• _Task to complete_:
Determine the number of lines below that contain "Lane". Write nothing but that number.
[Start of section]
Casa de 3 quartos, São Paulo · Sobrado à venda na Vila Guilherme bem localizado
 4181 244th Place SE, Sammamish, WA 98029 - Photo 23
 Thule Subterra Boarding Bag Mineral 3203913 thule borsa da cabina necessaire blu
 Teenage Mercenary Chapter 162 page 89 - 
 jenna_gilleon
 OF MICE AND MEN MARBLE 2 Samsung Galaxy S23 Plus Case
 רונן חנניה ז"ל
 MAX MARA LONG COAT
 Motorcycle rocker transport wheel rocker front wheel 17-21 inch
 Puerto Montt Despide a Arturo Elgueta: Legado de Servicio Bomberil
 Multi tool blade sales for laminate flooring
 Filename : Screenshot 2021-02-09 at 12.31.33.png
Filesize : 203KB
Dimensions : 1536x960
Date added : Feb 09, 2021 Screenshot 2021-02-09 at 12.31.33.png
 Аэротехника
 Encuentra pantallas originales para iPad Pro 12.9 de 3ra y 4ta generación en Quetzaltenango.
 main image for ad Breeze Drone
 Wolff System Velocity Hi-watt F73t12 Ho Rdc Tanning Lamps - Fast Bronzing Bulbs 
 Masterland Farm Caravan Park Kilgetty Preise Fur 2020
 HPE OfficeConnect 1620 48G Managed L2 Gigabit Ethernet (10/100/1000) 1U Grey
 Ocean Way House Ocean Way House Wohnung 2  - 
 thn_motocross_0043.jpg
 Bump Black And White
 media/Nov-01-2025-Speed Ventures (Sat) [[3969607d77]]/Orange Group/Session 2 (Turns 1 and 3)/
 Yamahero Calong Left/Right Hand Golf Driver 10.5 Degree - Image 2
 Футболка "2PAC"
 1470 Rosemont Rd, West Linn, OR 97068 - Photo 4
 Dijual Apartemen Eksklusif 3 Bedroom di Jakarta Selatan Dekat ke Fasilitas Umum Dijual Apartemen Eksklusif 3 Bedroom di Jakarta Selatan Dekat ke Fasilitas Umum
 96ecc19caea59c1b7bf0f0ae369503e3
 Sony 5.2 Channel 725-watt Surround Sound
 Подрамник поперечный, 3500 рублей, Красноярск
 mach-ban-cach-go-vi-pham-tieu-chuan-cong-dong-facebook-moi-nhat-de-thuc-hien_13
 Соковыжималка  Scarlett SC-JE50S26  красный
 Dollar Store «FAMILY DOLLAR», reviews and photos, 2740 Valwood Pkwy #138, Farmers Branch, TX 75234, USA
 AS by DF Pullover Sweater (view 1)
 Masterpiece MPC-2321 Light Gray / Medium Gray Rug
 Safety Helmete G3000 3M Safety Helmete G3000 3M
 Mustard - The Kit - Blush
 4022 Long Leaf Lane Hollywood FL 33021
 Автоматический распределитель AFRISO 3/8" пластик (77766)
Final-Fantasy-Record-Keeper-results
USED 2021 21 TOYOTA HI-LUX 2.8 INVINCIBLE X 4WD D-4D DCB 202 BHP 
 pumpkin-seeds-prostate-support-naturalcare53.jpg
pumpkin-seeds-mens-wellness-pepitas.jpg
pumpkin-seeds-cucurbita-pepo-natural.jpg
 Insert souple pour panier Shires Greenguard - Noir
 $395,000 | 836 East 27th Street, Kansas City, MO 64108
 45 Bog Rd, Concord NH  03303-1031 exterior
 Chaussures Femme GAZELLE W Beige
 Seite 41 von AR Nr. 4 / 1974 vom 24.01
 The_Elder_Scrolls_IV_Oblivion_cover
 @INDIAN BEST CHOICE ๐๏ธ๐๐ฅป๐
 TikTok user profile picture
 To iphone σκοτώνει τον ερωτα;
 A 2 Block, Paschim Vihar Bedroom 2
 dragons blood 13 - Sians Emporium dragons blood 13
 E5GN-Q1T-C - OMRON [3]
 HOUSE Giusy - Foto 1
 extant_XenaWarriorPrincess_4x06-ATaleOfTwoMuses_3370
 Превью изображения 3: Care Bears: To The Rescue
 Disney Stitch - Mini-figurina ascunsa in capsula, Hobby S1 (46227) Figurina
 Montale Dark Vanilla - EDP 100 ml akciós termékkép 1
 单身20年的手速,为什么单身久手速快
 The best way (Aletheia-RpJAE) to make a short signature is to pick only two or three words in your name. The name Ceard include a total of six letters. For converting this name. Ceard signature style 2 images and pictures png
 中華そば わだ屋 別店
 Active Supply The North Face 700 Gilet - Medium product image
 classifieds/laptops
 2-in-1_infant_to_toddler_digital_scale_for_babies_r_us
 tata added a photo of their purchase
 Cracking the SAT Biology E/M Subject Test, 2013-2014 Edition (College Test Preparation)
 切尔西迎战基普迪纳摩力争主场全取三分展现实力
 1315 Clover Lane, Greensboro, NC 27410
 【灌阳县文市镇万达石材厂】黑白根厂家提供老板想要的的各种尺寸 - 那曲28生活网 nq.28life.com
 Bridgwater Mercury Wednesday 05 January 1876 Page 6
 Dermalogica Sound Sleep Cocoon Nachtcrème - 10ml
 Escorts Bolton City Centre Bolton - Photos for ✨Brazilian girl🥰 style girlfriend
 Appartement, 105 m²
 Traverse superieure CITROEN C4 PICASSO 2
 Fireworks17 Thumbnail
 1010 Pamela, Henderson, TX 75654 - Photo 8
[End of section]
• _Task answer_:
2